Scores of Philadelphia’s public bathrooms would have to become gender-neutral and drop the labels “Men” and “Women” under legislation that is to be introduced Thursday in City Council.
The bill – which applies only to single-occupant bathrooms, not those with multiple stalls – would place Philadelphia among the first major U.S. cities to take a step long sought by transgender advocates.
“Using a public bathroom can be a highly stressful, rising to even dangerous experience for certain individuals,” said Helen “Nellie” L. Fitzpatrick, director of Mayor Nutter’s Office of LGBT Affairs, which drafted the bill. “It basically comes down to people policing other people’s gender.”
There are an estimated 700,000 transgender adults in the United States, according to a 2011 study by the Williams Institute at the University of California, Los Angeles. Advocates stress that for transgender people, access to restrooms is not just a matter of convenience but an issue of public safety due to potential discrimination.
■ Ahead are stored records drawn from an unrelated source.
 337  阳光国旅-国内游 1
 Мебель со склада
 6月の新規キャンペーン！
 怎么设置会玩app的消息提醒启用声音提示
A handful of cities, including Philadelphia, have already taken steps to make public bathrooms more inclusive. In 2006, Washington became the first city to require single-occupancy bathrooms be gender-neutral; Austin, Texas, and West Hollywood, Calif., have since enacted similar laws.
In 2013, as part of a sweeping LGBT-equality law introduced by then-Councilman Jim Kenney, now the Democratic mayoral nominee, Philadelphia required new or renovated city-owned buildings to have gender-neutral bathrooms in addition to men’s and women’s rooms. Fitzpatrick said that law, while significant, has had little impact – because few city buildings have been built since.
As the transgender-rights movement has gained increased national attention, the discussion has widened. In June, Seattle’s mayor and New York City’s comptroller called on their city councils to pass gender-neutral bathroom laws.
Elsewhere, opponents have introduced bills to criminalize use of single-sex bathrooms designated for people of other sexes, often arguing such steps will protect against sexual predators, according to a report prepared by New York’s comptroller.
Earlier this year, the White House added a gender-neutral bathroom, one in a series of steps the Obama administration has taken to address LGBT issues.
Under current Philadelphia law, when both men’s and women’s rooms are available, individuals can opt for whichever fits their gender identity. Fitzpatrick said that in practice, though, hurtful and potentially dangerous situations can arise – when other people “police bathrooms based on what people think about somebody’s gender presentation.”